Labor leader and pan-African Visionary, he moved a generation to self-improvement and liberation.
Tom Mboya
1930–1969, b. Kilima Mbogo, Kenya
Worked in Nairobi
I have news for you. There is no Superman. It’s up to us.
—Tom Mboya
Pan-Africanism is changing the arbitrary and often illogical boundaries set up by the colonial powers in their mad scramble for Africa. Many . . . are asking us what sort of governments we hope to set up when our freedom is won…What we shall create should be . . . enriched by our ability to borrow . . . what is good from other systems, creating a synthesis of this with the best of our own systems and cultures.

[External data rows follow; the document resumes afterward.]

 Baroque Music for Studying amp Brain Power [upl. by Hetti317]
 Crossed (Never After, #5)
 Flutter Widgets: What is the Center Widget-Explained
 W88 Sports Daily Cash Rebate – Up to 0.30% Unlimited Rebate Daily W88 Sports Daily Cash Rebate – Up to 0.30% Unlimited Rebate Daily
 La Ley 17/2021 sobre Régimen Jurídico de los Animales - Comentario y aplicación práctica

—Tom Mboya, Makerere University, Kampala, Uganda, 1958
• A labor activist from an early age, Mboya organized his fellow Nairobi civil servants into the Kenya Local Government Workers’ Union in the early 1950s. Mboya became general secretary of the Kenya Federation of Labour, where he won an international profile by helping striking dock workers in Mombasa get a 33 percent pay raise.

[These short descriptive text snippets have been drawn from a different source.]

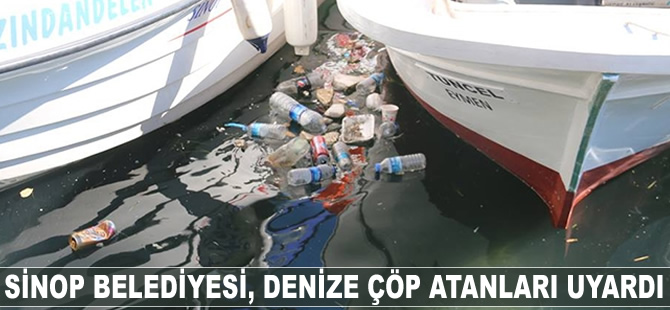 Sinop Belediyesi, denize çöp atanları uyardı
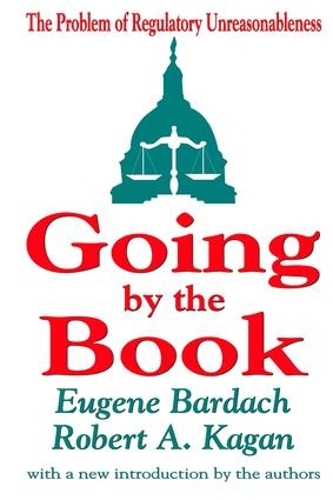 Паперова книга «Going by the Book: The Problem of Regulatory Unreasonableness», авторів Юджин Бардах, Волтер Кауфман - фото №1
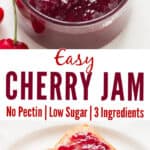 homemade cherry jam made without pectin served in glass bowl spread on bread with text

• Mboya joined the nascent independence party, the Kenya African National Union (KANU). When the British banned the party and most of its leaders during the Mau Mau conflict, Mboya was entrusted with the party’s control.
• Mboya is celebrated for organizing the initial “airlifts” that provided scholarships to young Kenyans seeking to study in the United States—a program with an impressive legacy of achievement.